### PROBLEM TO WORK ON
The output should match, line for line, the records from the line containing "Chemise à manches" through the line containing "Home Or Office", with every picture left out.

### DATASET RECORDS
################

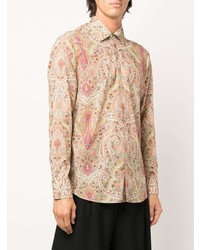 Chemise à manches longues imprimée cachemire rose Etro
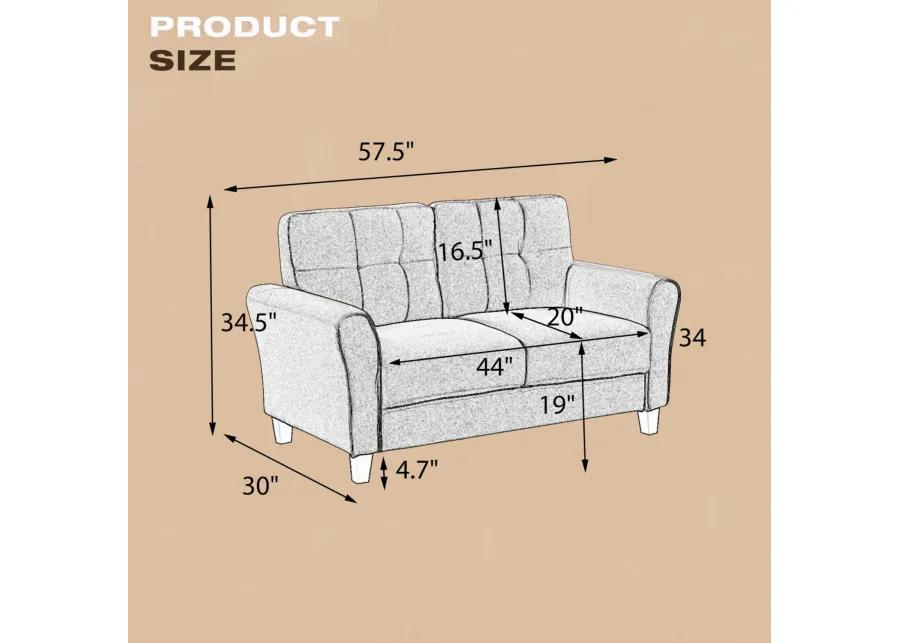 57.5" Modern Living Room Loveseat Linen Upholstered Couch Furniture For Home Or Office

################

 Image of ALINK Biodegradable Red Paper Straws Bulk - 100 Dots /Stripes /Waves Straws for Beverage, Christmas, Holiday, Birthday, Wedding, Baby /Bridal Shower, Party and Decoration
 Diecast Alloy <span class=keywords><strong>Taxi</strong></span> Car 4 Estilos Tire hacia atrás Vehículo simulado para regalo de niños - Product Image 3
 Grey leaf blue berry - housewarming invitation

################

### EXPECTED ANSWER
 Chemise à manches longues imprimée cachemire rose Etro
 57.5" Modern Living Room Loveseat Linen Upholstered Couch Furniture For Home Or Office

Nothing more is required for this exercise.